(Recorded information Opens)

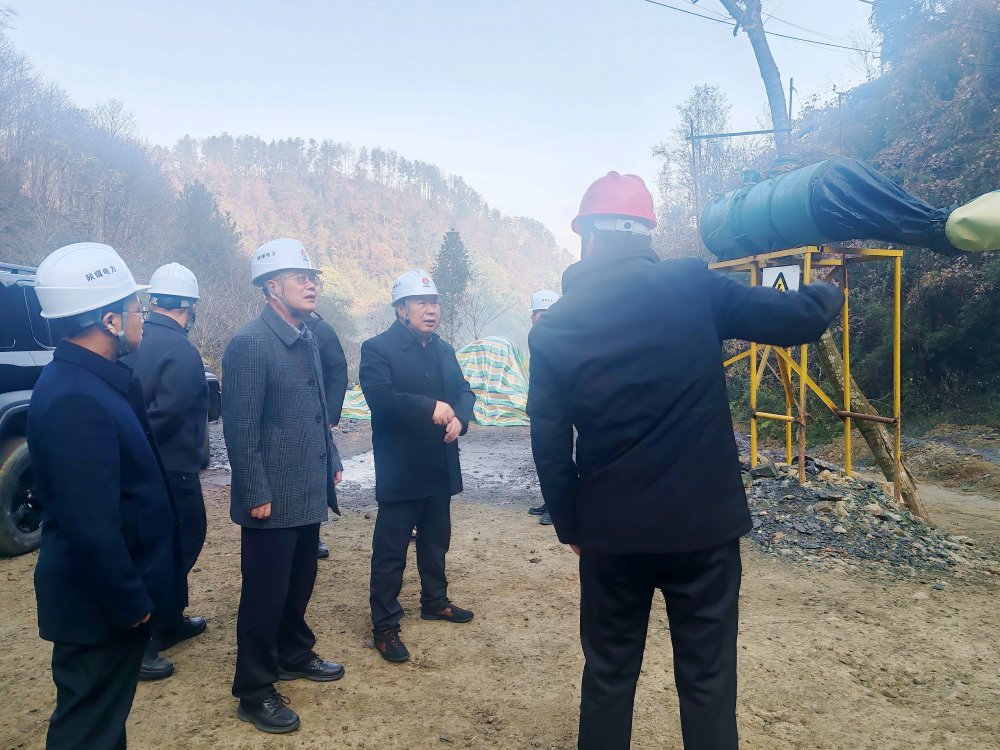 陜煤集團(tuán)總經(jīng)理助理、陜煤電力集團(tuán)黨委書記、董事長馮平安一行深入西鄉(xiāng)抽蓄電站勘探平硐項(xiàng)目現(xiàn)場檢查指導(dǎo)前期準(zhǔn)備工作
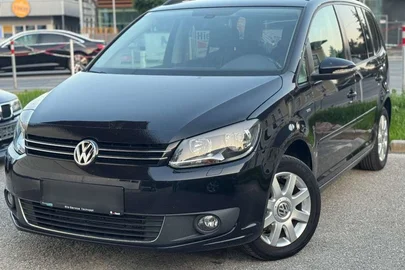2013' Volkswagen Touran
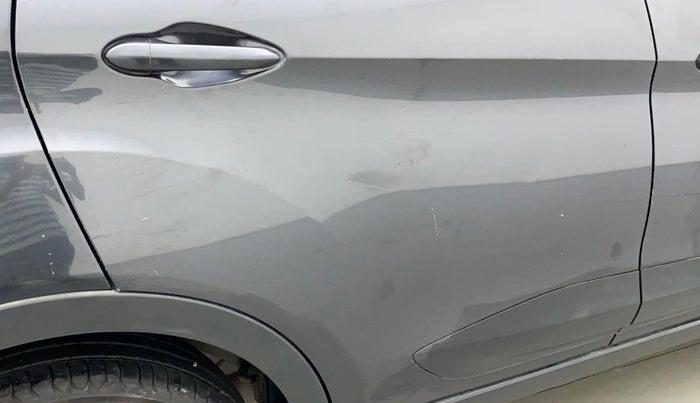 2018 Tata NEXON XZ PLUS DIESEL, Diesel, Manual, 95,268 km, Right rear door - Minor scratches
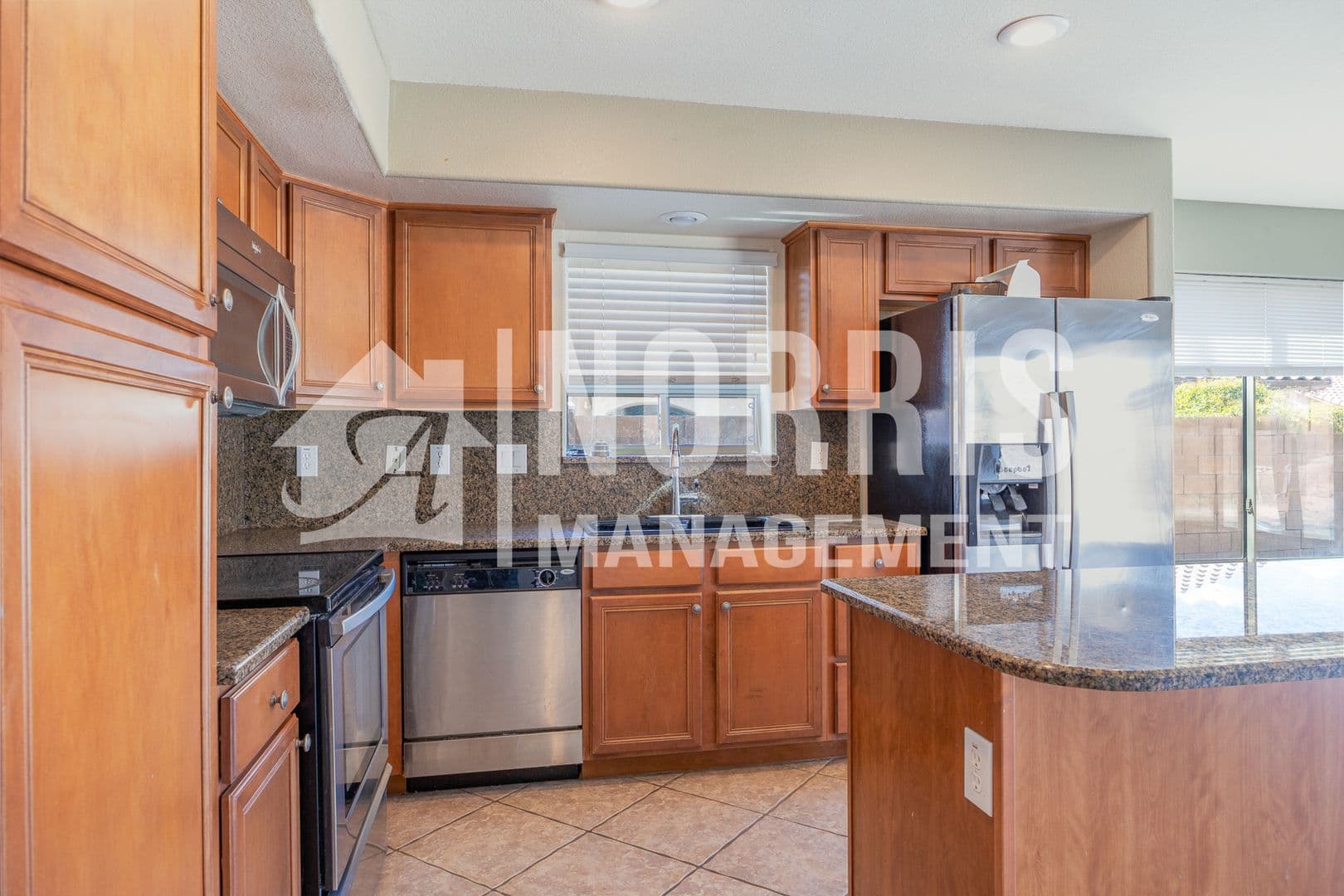 Maricopa House: 42450 W Hall Dr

(Recorded information Closes)

Could you write out the whole listing exactly, dropping the pictures?

 陜煤集團(tuán)總經(jīng)理助理、陜煤電力集團(tuán)黨委書記、董事長馮平安一行深入西鄉(xiāng)抽蓄電站勘探平硐項(xiàng)目現(xiàn)場檢查指導(dǎo)前期準(zhǔn)備工作
2013' Volkswagen Touran
 2018 Tata NEXON XZ PLUS DIESEL, Diesel, Manual, 95,268 km, Right rear door - Minor scratches
 Maricopa House: 42450 W Hall Dr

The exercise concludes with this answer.